Erzurum'a gitmiştik... "Dönemin Başbakanı" Süleyman Demirel ile birlikte.
Belediye'nin önünde... Mitingde...
Başbakan konuşurken...
Erzurumlu'nun biri bağırdı:
- Sayın Başbakanım... Şikâyetim var... Beni dinle. Ortalık birden dalgalandı.
Süleyman Bey "Güvenlik görevlilerini" uyardı:
- Sakın ha sakın... Bu adama ilişmeyin...
İtip kakmayın.
Sonra da... Adamı "Konuşma kürsüsünün önüne" çağırdı:
- Hele gel bakalım... Söyle...
Nedir şikâyetin?
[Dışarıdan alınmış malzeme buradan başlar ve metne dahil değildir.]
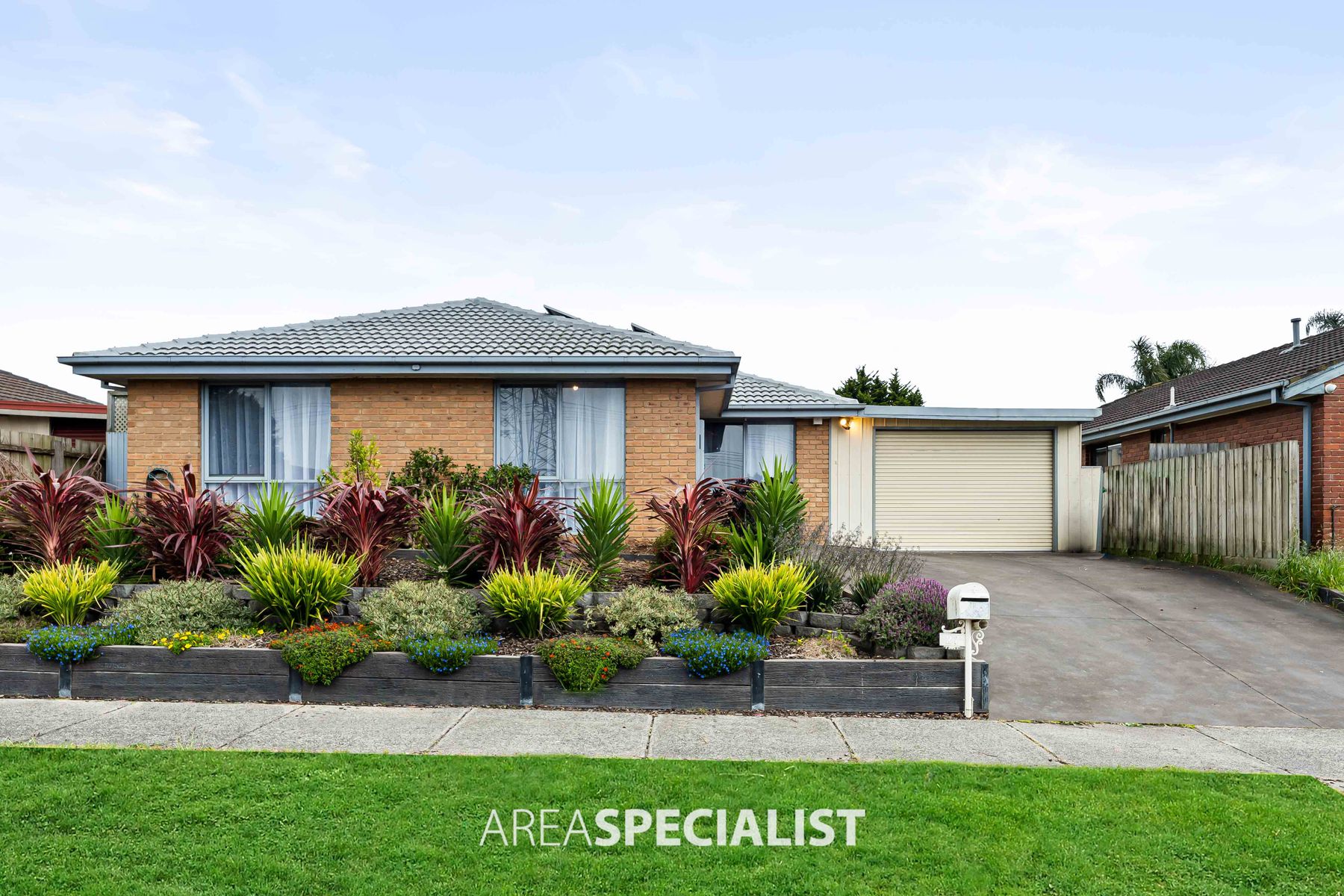 27 Lesley Drive, Hampton Park, VIC 3976, Hampton Park - Thumbnail 2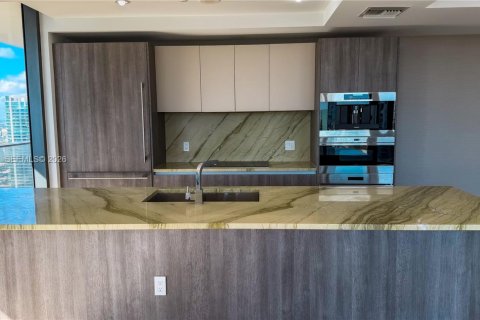 Снять в аренду квартиру в Майами, Флорида 3 спальни, 150.04м2, № 2050850 - фото 5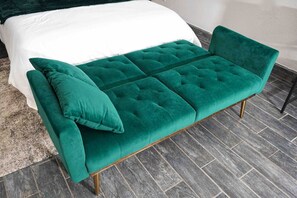 Escritorio, tabla de planchar con plancha, wifi gratis y ropa de cama 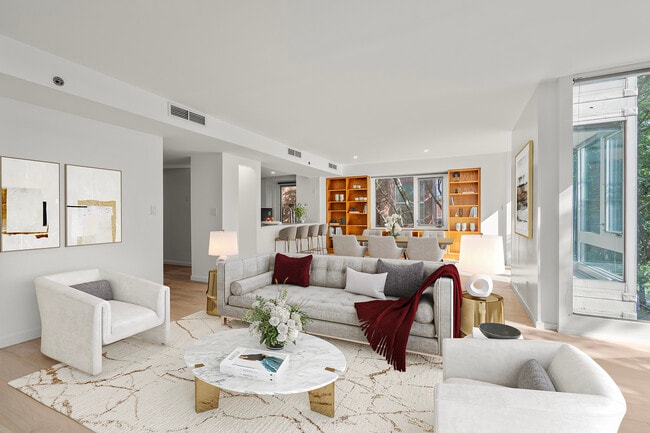 975 Memorial Dr, Unit 501 in Cambridge, MA - Building Photo - Building Photo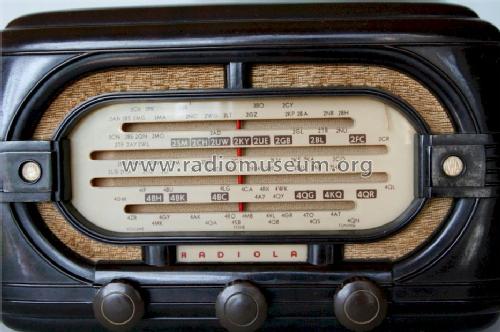Radiola Champion 4 429MA; Amalgamated Wireless (ID = 1236005) Radio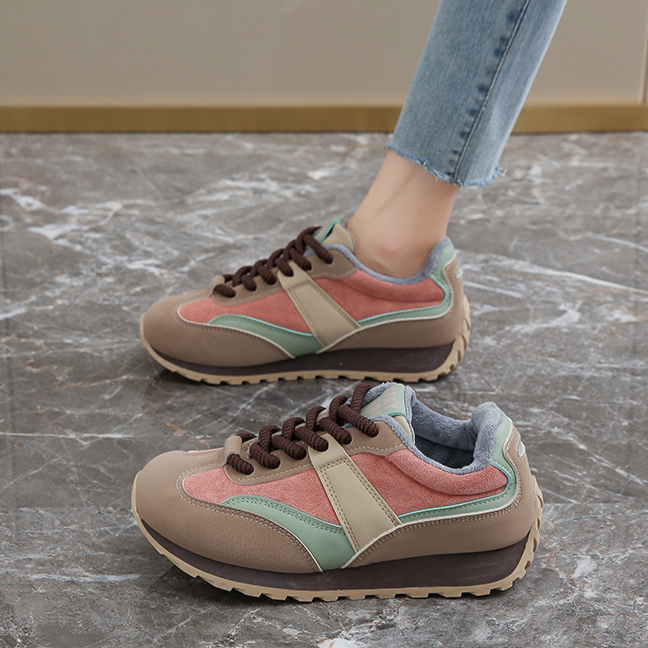 Martín® | Retro Sneakers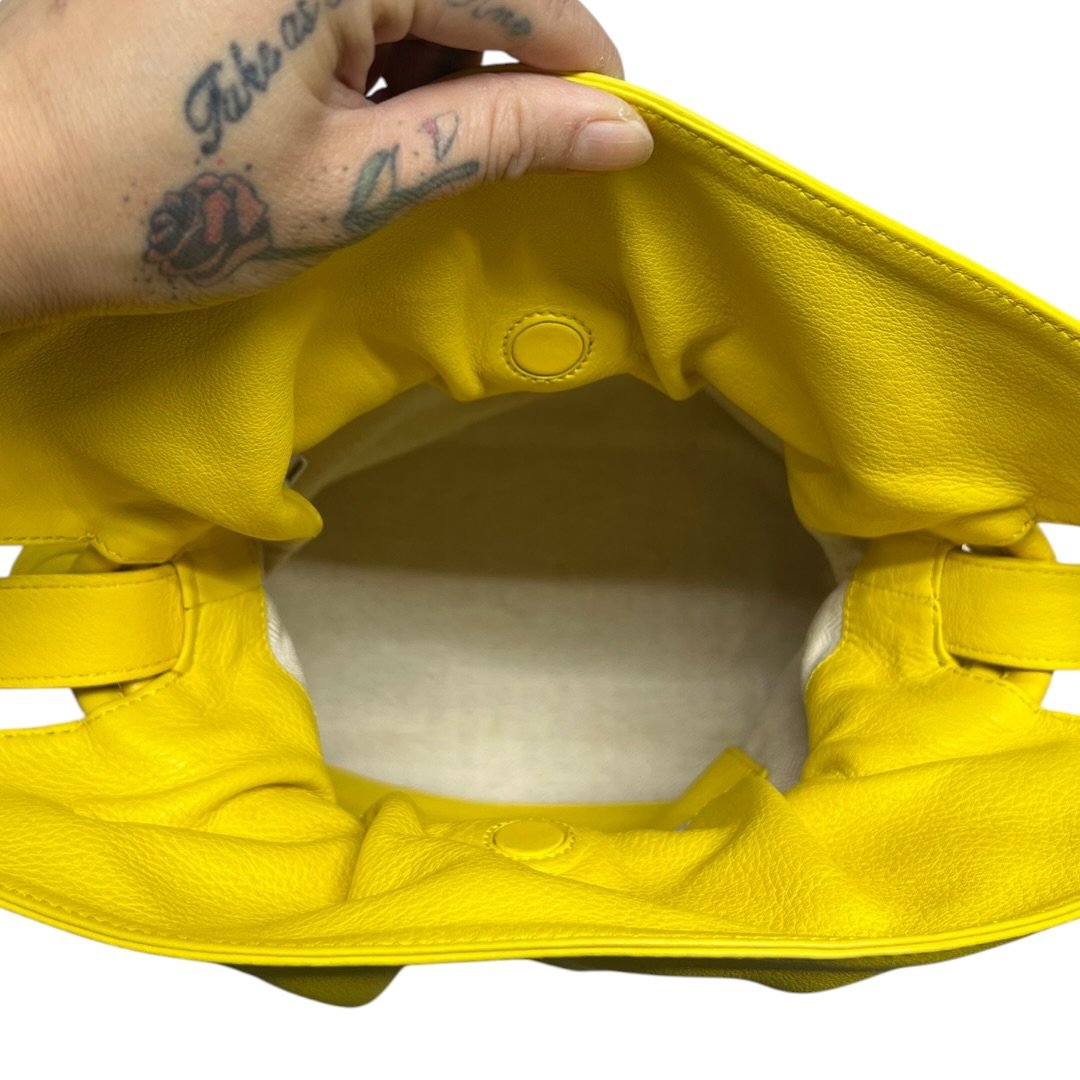 LOEWE Grained Calfskin Flamenco Shoulder Bag Yellow No visible hardware TK36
Erzurumlu... Kürsünün önüne geldi...
Sesini yükseltti:
- Sayın Başbakanım... Bir kilo et kaç lira?... Ateş pahası... Ne olacak halimiz?
Demirel güldü...
Ve "Diyalog" başladı: - Dadaş... Bu memlekette hayvanı kim yetiştiriyor?..
Hayvancılığın merkezi hangi şehir?
- Bizim burası... Erzurum... Hayvanı biz yetiştiriyoruz.
- Dadaş... Öyleyse ne diye bana şikâyette bulunuyorsun?
Erzurumlu "Vallah sen de haklısın Başbakanım" demişti...
Ve meydan kahkahaya boğulmuştu.
Şimdi... Siyasetçilerin "Etik güzellemeleri" de buna benzemiyor mu?
"Etik dışı eylemlerde, söylemlerde" bulunanlar kim?..
Sizlersiniz. "Etik üzerine şikâyetlerin" sahipleri kim?.. Yine sizler.